(GIVEN RECORDS)
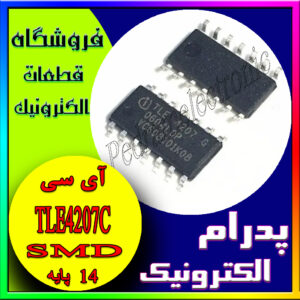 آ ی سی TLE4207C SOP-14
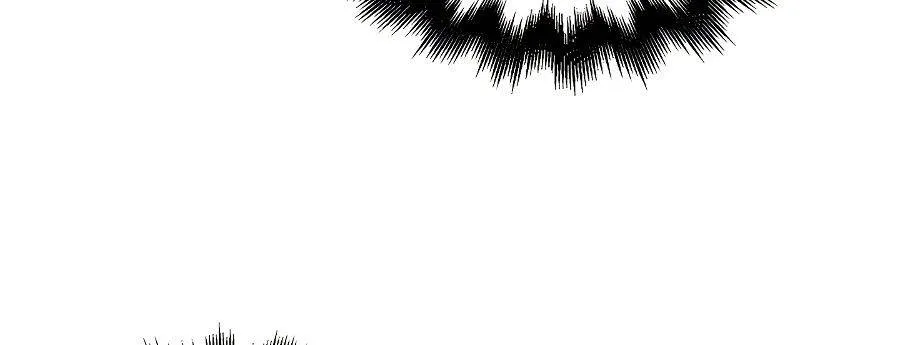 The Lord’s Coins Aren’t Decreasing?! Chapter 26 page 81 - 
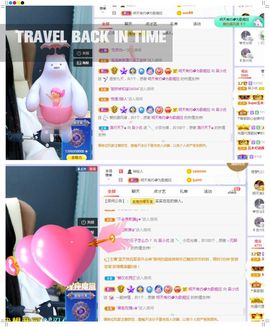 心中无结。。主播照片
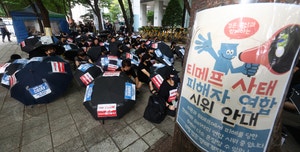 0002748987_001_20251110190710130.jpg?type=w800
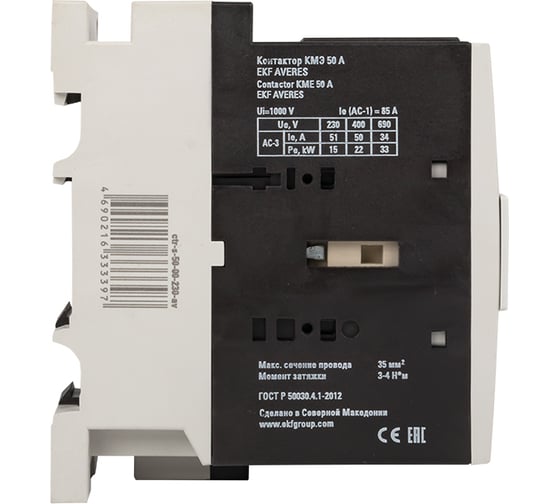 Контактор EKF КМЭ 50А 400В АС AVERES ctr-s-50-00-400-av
(End GIVEN RECORDS)
(GIVEN RECORDS)
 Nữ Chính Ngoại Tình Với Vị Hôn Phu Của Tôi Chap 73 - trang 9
(End GIVEN RECORDS)
> WORK TO BE COMPLETED: Every line above between the one containing "آ ی سی TLE4207C SOP-14" and the one containing "Контактор EKF КМЭ", those two included, is to be printed exactly. No pictures go into the copy.

> WRITTEN RESPONSE:
 آ ی سی TLE4207C SOP-14
 The Lord’s Coins Aren’t Decreasing?! Chapter 26 page 81 - 
 心中无结。。主播照片
 0002748987_001_20251110190710130.jpg?type=w800
 Контактор EKF КМЭ 50А 400В АС AVERES ctr-s-50-00-400-av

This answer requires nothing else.